Mention the name Chris Lambert, and most locals think about his ground-breaking podcast that played a major role in recently bringing justice to the family of missing Cal Poly student Kristin Smart.
The Santa Maria native, admittedly shy and private, remains appreciative of all the support and attention his podcast generated. However, Lambert wants to remind people that first and foremost, he’s a singer-songwriter who finally has the time to go back to his music.
The result is a brand new collection of tunes, Be Great, and an upcoming free concert to officially introduce his music.
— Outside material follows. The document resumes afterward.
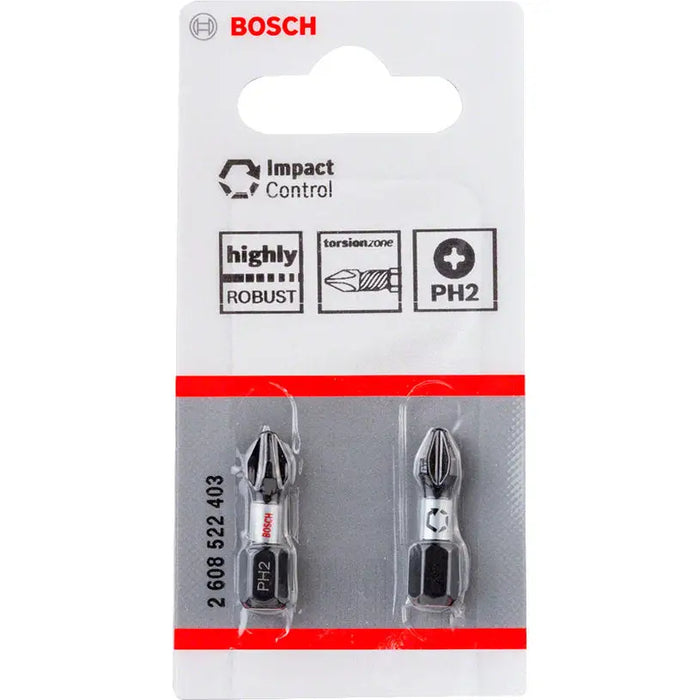IMPACT BITS PH2 2 NUMBER 25 MM BOSCH IMPACT CONTROL - Битове и накрайници<<<Консумативи за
The new material is part of a triptych of albums that started with 2016’s The Blue Hour and The Constant Education of Christopher Lambert that followed in 2018.
But the one-two punch of COVID and the demands of the Smart case resulted in Lambert spending six years before finally finishing the final piece of the musical puzzle, officially released on November 15, in his Orcutt home studio.
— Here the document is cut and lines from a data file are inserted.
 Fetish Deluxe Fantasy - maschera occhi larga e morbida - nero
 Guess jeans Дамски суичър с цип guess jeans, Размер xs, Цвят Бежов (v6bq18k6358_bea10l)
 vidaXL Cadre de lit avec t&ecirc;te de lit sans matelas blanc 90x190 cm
“When I realized that I was building a trilogy, I started thinking about the future, and how to write about it,” Lambert says. “What pops into my mind when I think about the future? For me, it’s a lot of anxiety, fear, and uncertainty, and anticipating where it will lead.”
Be Great tackles wide-ranging and personal topics for Lambert, including panic attacks, buying his first home, the prospects of an afterlife, and maintaining a 15-year relationship with his partner Ali and the pressure of being the partner he thinks she deserves.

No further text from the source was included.